— PROMPT —
Should an entry contain an image, omit it and repeat the rest exactly.

— TASK DATA —
• • • • • • •
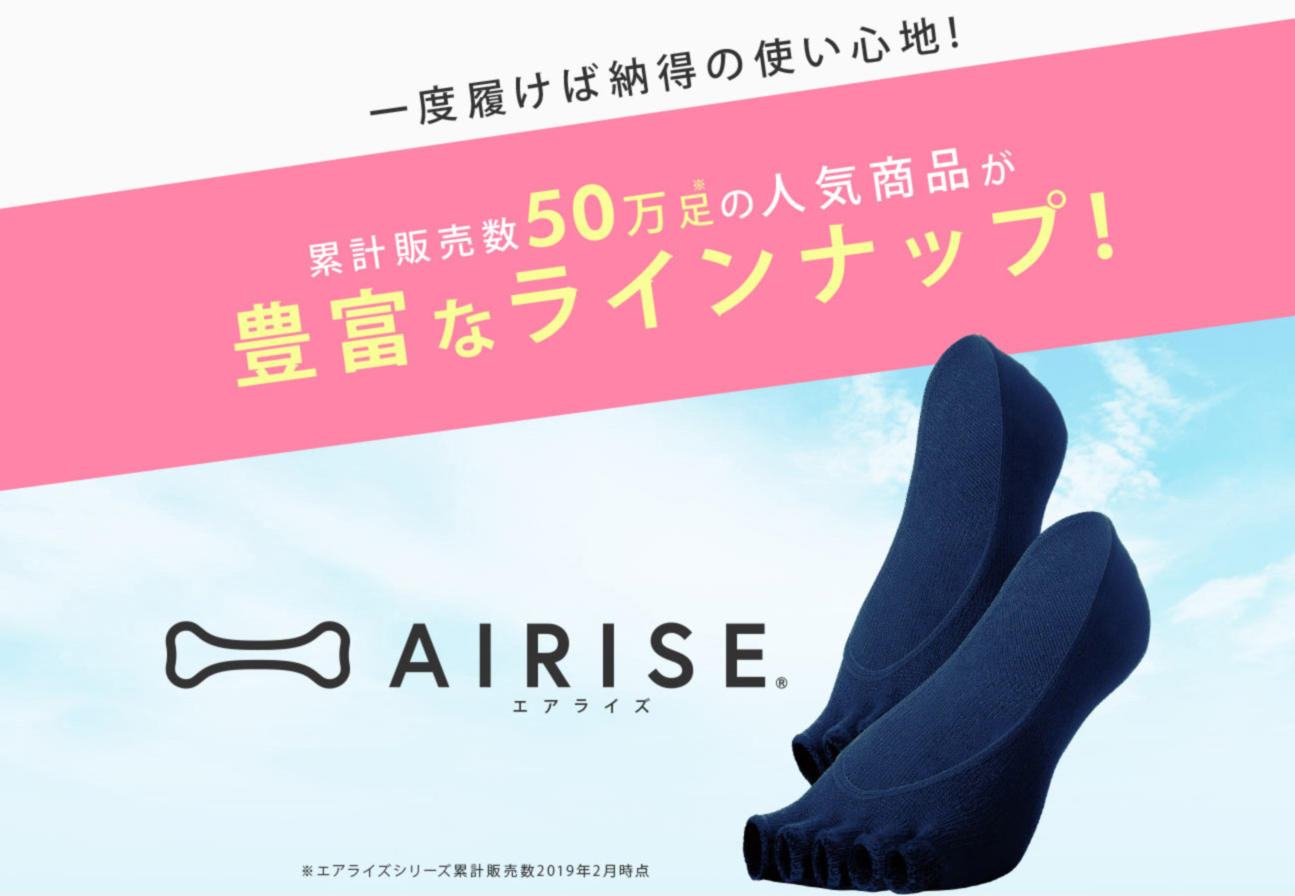 [Airise]プラス Sサイズ 22cm～24cm〈ネイビー〉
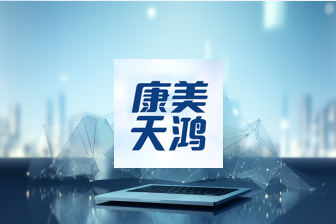 北京康美天鸿生物科技有限公司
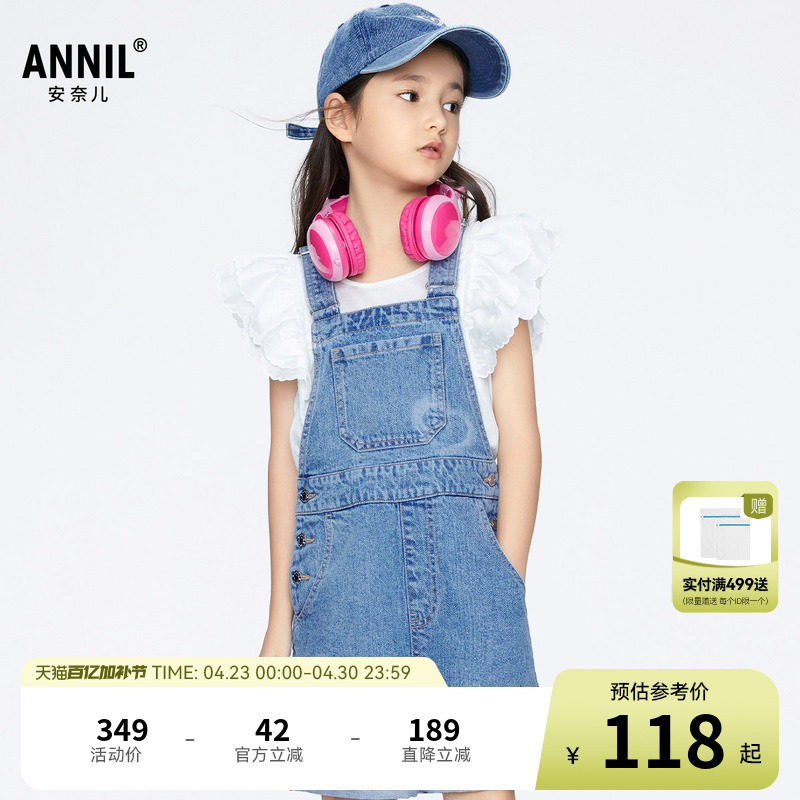 【商场同款】安奈儿童装女童牛仔背带短裤夏时尚AG426641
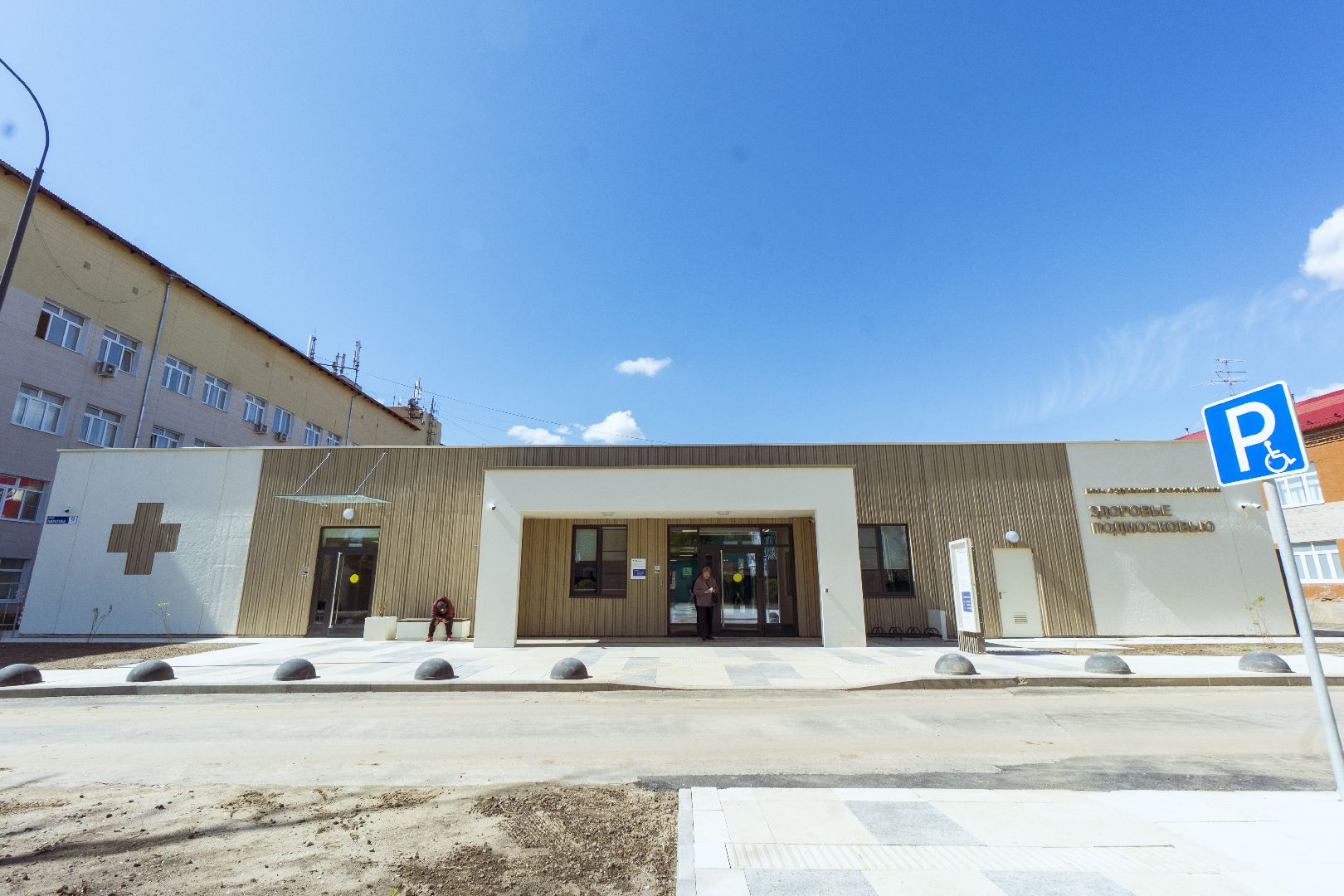 Диспансеризация, время прохождения, Домодедово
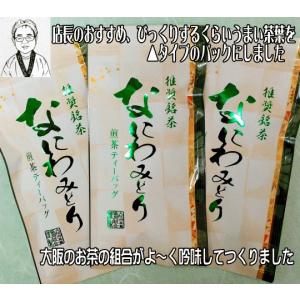 なにわみどり　煎茶ティーバッグ　１０パック入り×３袋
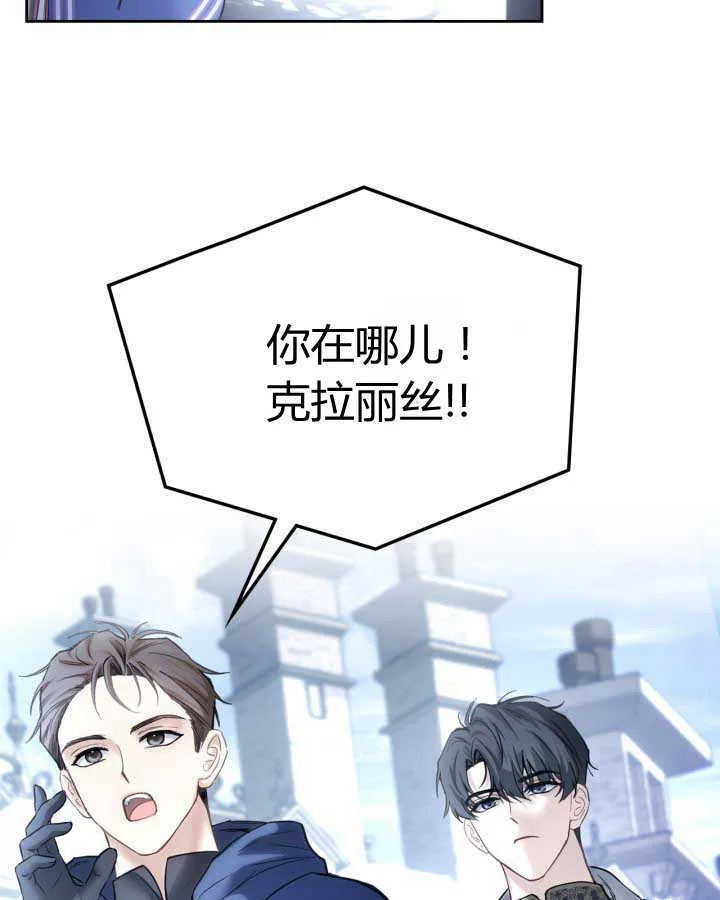 第11话21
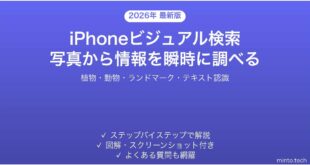 【2026年最新版】iPhoneビジュアル検索（Visual Look Up）の使い方ガイド
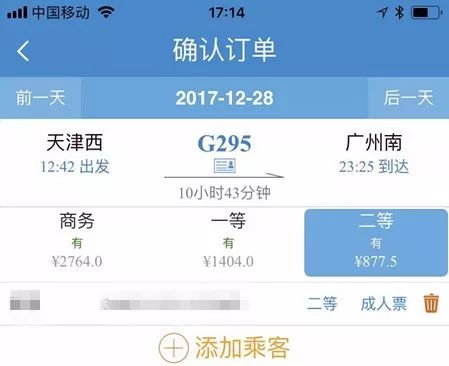 天津到广州g295次设有商务座特等座票价2764元,一等座1404元,二等座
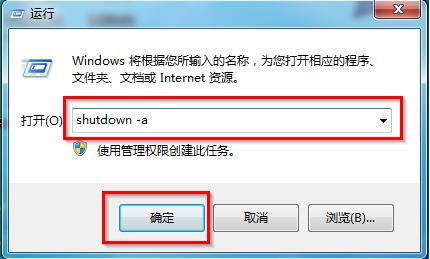 电脑win7系统取消自动关机的解决方法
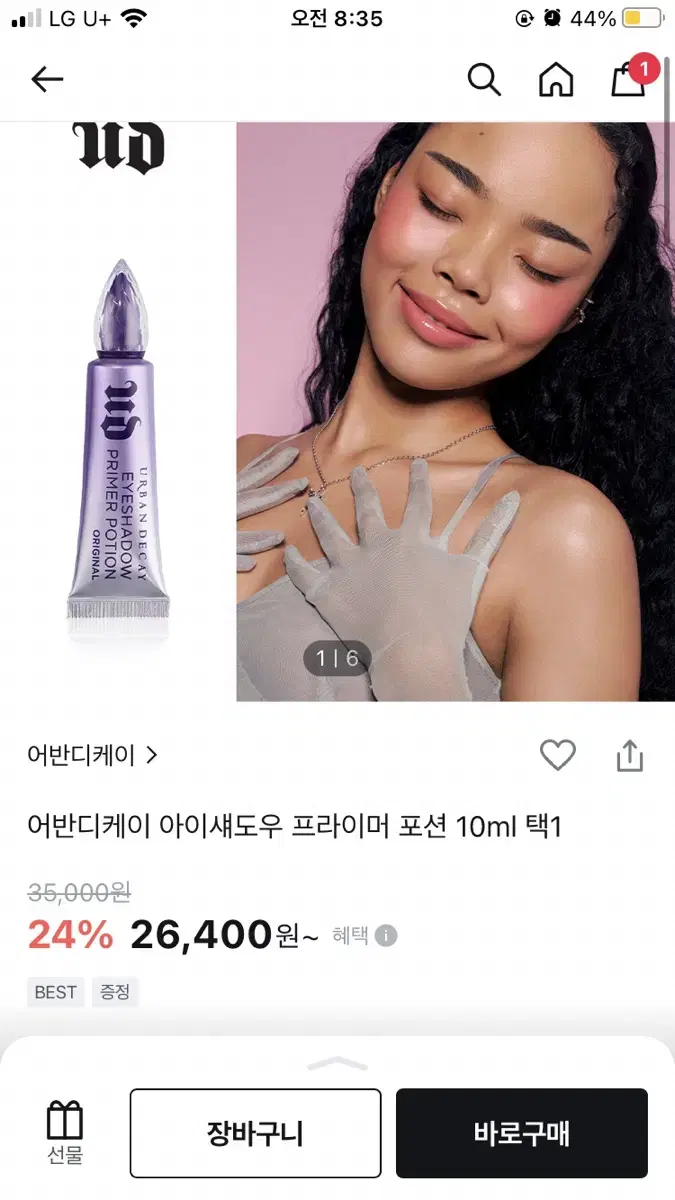 어반디케이 아이프라이머10ml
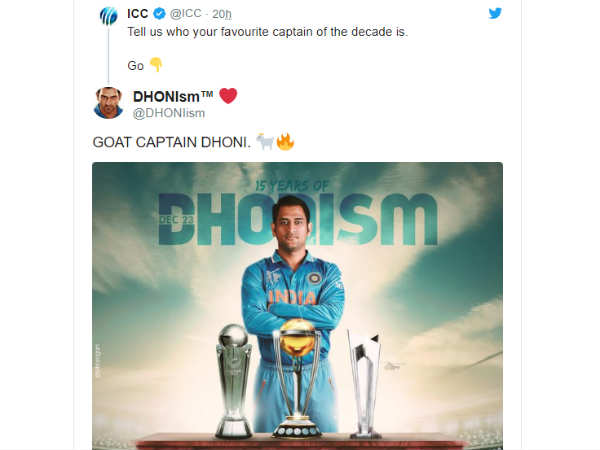 ധോണി ദി ഗ്രേറ്റ്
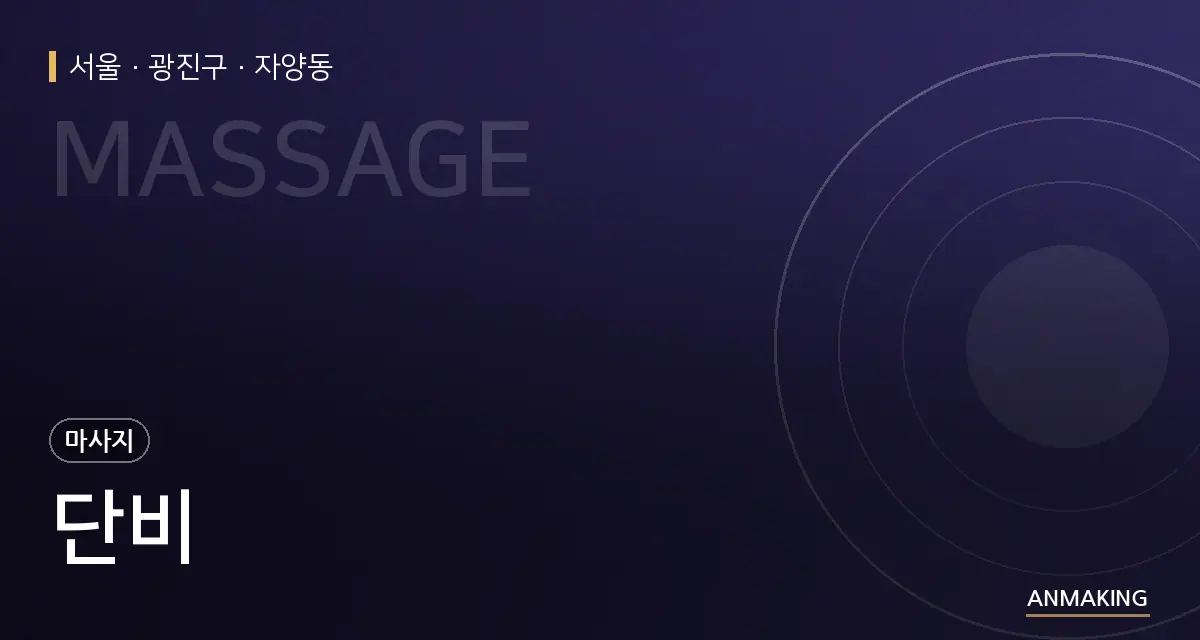 서울 광진구 단비 안내 이미지
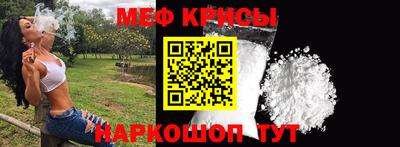 метамфетамин Ростов-на-Дону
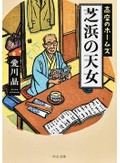 人気探偵シリーズの新作続々　愛川晶「芝浜の天女　高座のホームズ」など杉江松恋さんが薦める新刊文庫３冊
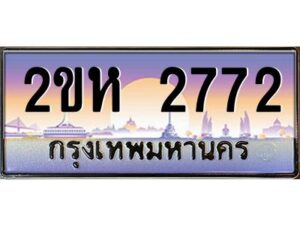 2.ป้ายทะเบียนรถ 2772 เลขประมูล 2ขห 2772 จากOKdee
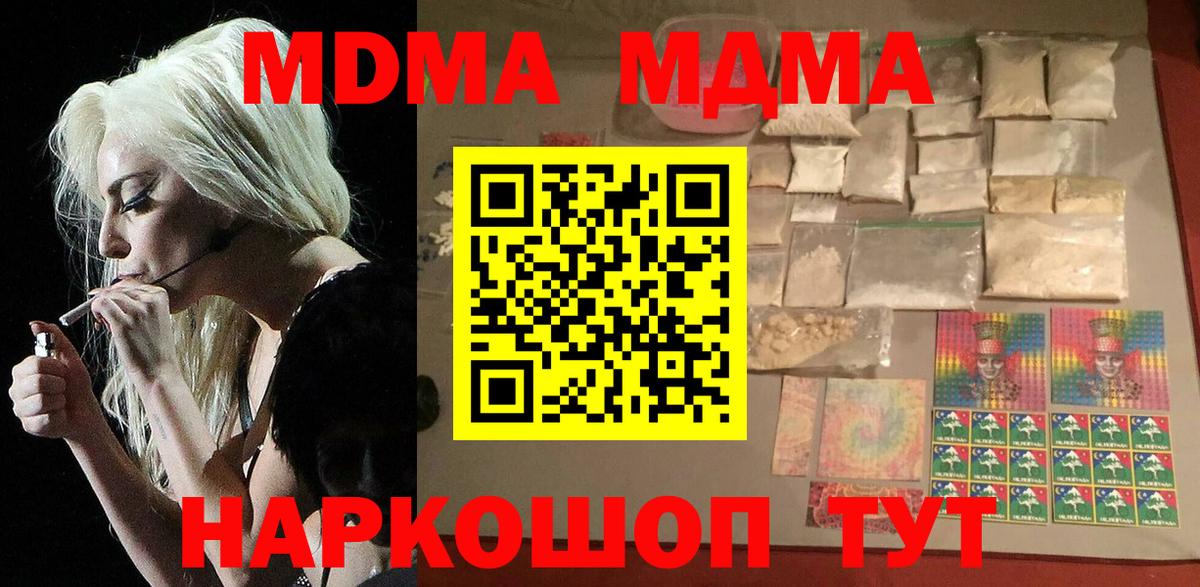 MDMA кристаллы  Вход с VPN  Коряжма  MDMA  МДМА молли 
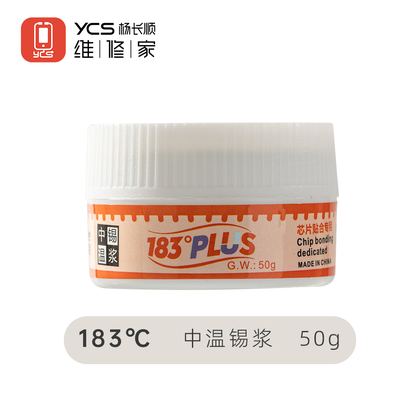 维修家PLUS锡膏183°(白色瓶)50g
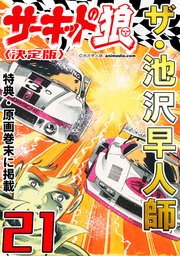 ザ・池沢早人師 サーキットの狼21<特典・原画入り決定版>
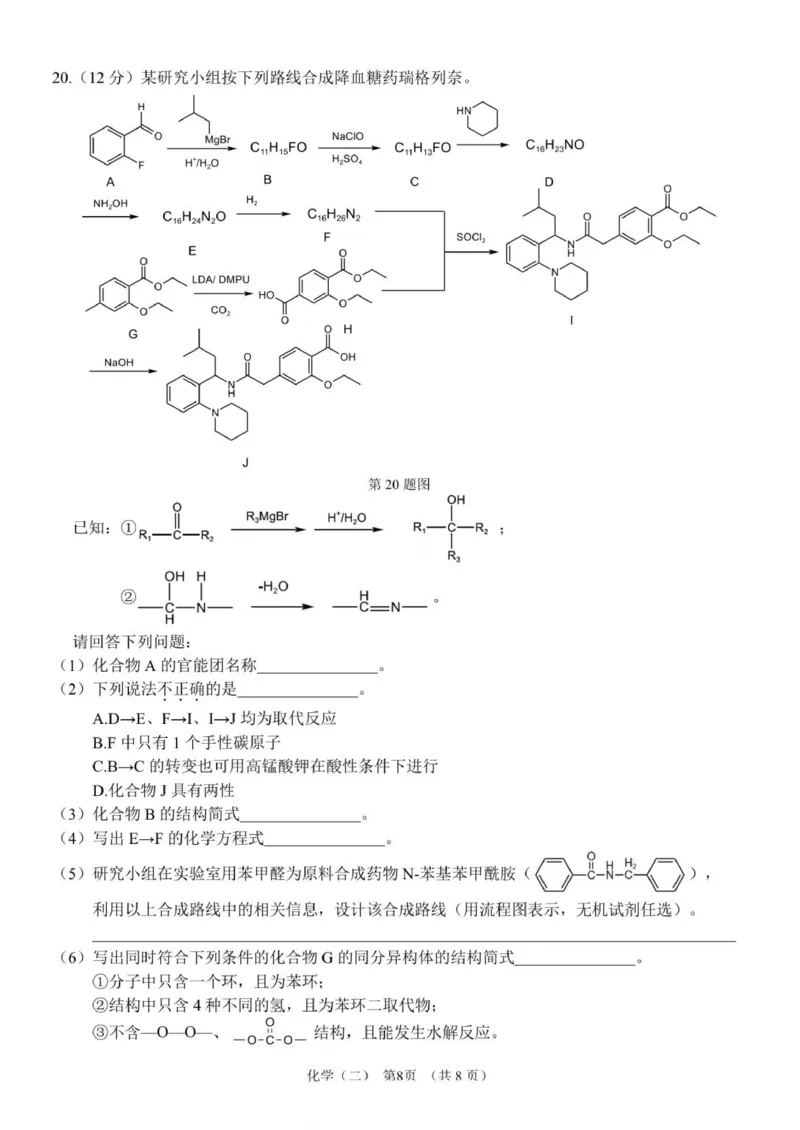 广东省广州市六校联考2026届高三期中调研考试化学试题_2025年12月_251202广东省广州市六校联考2025-2026学年高三上学期期中调研考试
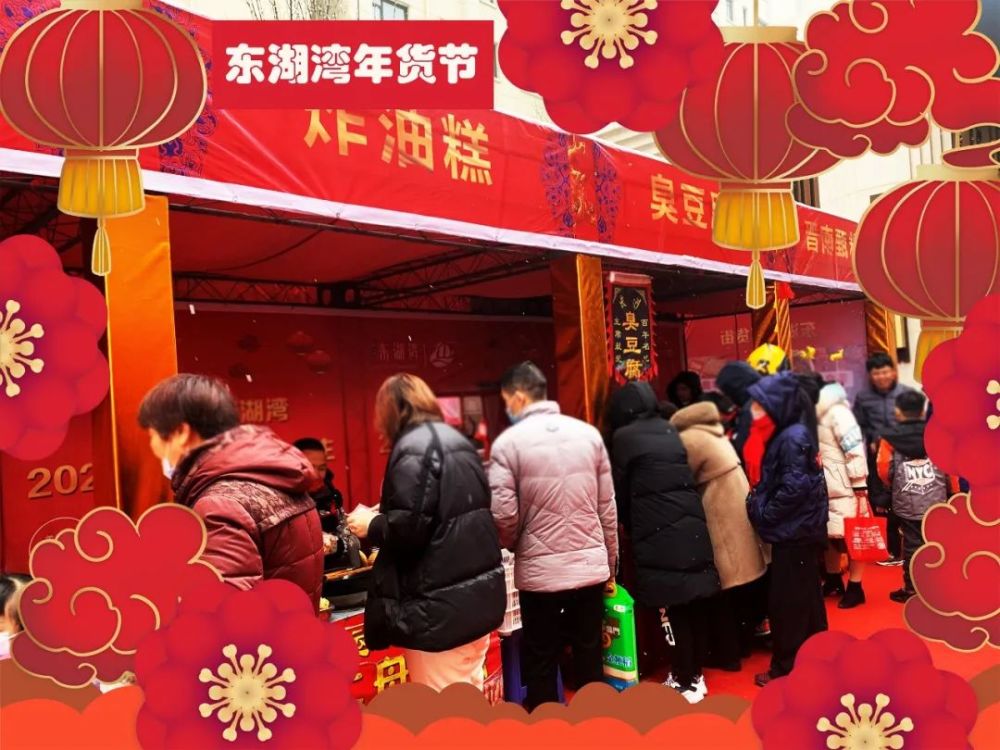 完美收官2022东湖湾年货节圆满落幕满满年货欢喜过大年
• • • • • • •
— TASK RESULT —
 [Airise]プラス Sサイズ 22cm～24cm〈ネイビー〉
 北京康美天鸿生物科技有限公司
 【商场同款】安奈儿童装女童牛仔背带短裤夏时尚AG426641
 Диспансеризация, время прохождения, Домодедово
 なにわみどり　煎茶ティーバッグ　１０パック入り×３袋
 第11话21
 【2026年最新版】iPhoneビジュアル検索（Visual Look Up）の使い方ガイド
 天津到广州g295次设有商务座特等座票价2764元,一等座1404元,二等座
 电脑win7系统取消自动关机的解决方法
 어반디케이 아이프라이머10ml
 ധോണി ദി ഗ്രേറ്റ്
 서울 광진구 단비 안내 이미지
 метамфетамин Ростов-на-Дону
 人気探偵シリーズの新作続々　愛川晶「芝浜の天女　高座のホームズ」など杉江松恋さんが薦める新刊文庫３冊
 2.ป้ายทะเบียนรถ 2772 เลขประมูล 2ขห 2772 จากOKdee
 MDMA кристаллы  Вход с VPN  Коряжма  MDMA  МДМА молли 
 维修家PLUS锡膏183°(白色瓶)50g
 ザ・池沢早人師 サーキットの狼21<特典・原画入り決定版>
 广东省广州市六校联考2026届高三期中调研考试化学试题_2025年12月_251202广东省广州市六校联考2025-2026学年高三上学期期中调研考试
 完美收官2022东湖湾年货节圆满落幕满满年货欢喜过大年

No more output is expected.